» Dataset records
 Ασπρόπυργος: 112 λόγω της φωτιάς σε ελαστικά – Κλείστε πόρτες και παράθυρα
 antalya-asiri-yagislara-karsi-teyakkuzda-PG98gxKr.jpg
* * *
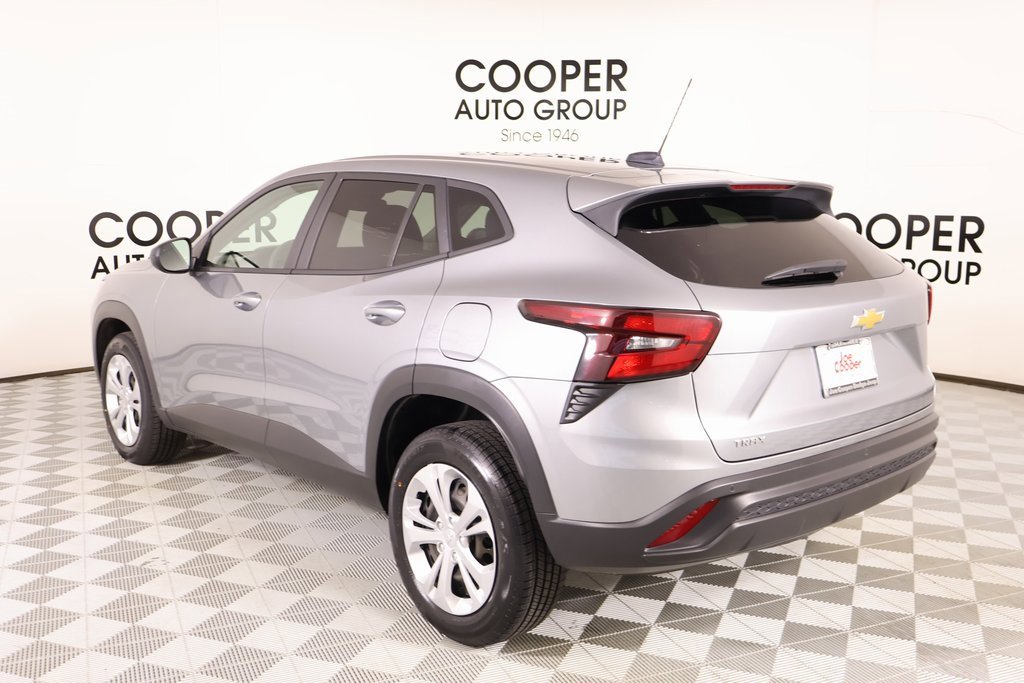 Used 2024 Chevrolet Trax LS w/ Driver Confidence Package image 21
==
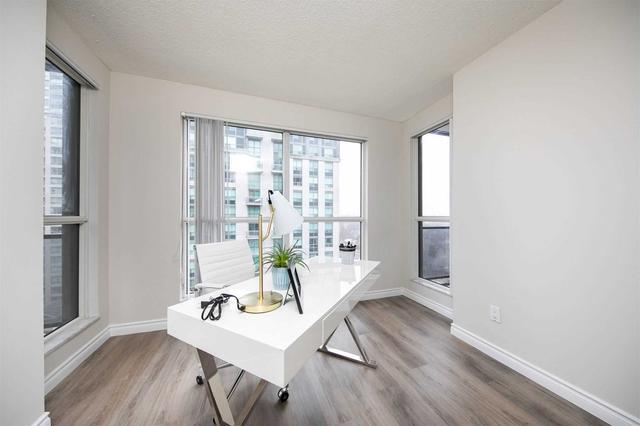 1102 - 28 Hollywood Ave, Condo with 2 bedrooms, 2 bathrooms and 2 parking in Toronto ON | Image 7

» Work task
Copy back the listing above exactly, but only from the line with "Ασπρόπυργος: 112 λόγω" through the line with "antalya-asiri-yagislara-karsi-teyakkuzda-PG98gxKr.jpg", both ends included.

» Exercise solution
 Ασπρόπυργος: 112 λόγω της φωτιάς σε ελαστικά – Κλείστε πόρτες και παράθυρα
 antalya-asiri-yagislara-karsi-teyakkuzda-PG98gxKr.jpg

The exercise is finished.